Many planning professionals would no doubt subscribe to the view that the planning system needs a period of stability rather than constant review and reform. Government aspirations to make the planning system quicker, fairer and more transparent have, over recent years, seemingly led to the very opposite outcome.
If you were one of those who subscribed to the above view, you may have felt some trepidation when the Government published its Planning White Paper “Planning for the Future” in August 2020. This proposed very fundamental reforms to the planning system including plan making, development management and infrastructure funding. Over 44,000 responses were received in the 12 week consultation period.
Despite the huge number of responses, no formal response was received from the Government to the various consultation representations, prior to announcements regarding a proposed planning bill in the spring of 2021. The indications were that the bill would take forward some of the more contentious proposals set out in the Planning White Paper. Odd that the Government were making announcements on the proposals without even formally responding to the thousands of consultation responses first.
We were repeatedly being assured that a full response to the White Paper consultations would be published and by the end of August 2021, this was imminent. Then suddenly the Secretary of State was replaced on the 15th September and the Department for Communities, Housing and Local Government was renamed and rebranded the Department for Levelling Up, Housing and Communities. The change provided a suitable excuse for the Government to put on hold all the proposed planning reforms and to introduce a different agenda with a different focus on “levelling up”.
We were then promised a levelling up White Paper which, was published on the 2nd of February 2022, with the title “Levelling Up the United Kingdom”. For those who are unwilling or unable to devote the time to reading the full document (or even skim reading it) there is at least a 17 page executive summary, not that you are likely to learn a great deal from it. No doubt readers of this article will have seen various other commentaries about the levelling up White Paper. It certainly isn’t our intention to try and make sense of what “Levelling Up” is, or is meant to be, as that seems even beyond the Government within the voluminous document that is the White Paper.
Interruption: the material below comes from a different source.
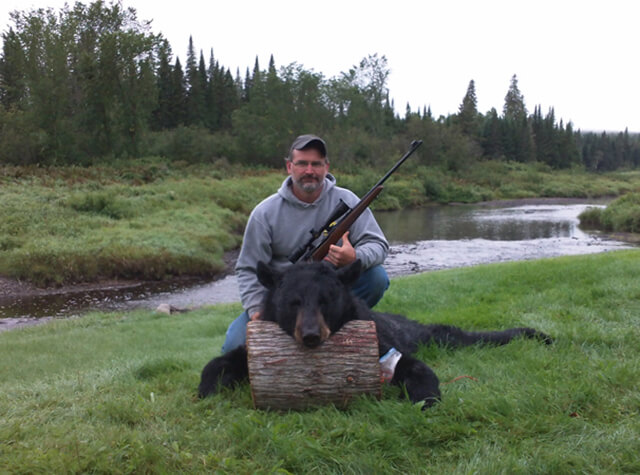 man starting to skin black bear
The question for us is what has happened to the planning reforms which we understood were to be taken forward within the levelling up White Paper (at least those the Government proposed to stick with)?
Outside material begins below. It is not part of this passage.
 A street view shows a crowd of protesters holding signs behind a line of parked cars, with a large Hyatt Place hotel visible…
Clearly planning is only a part of the levelling up agenda but whereas we were previously provided with a comprehensive package of possible planning reforms, we now have random and disparate references to planning which are almost lost in the 300 page plus document. Readers will no doubt recall that in the Planning White Paper there were proposals to introduce a zonal based approach to plan making, greater digitisation of the planning process, development plans and planning information, creating beautiful and sustainable places to live as well as proposals to abolish S106 obligations and the Community Infrastructure Levy for a national infrastructure levy. The levelling up White Paper makes very few references to planning at all.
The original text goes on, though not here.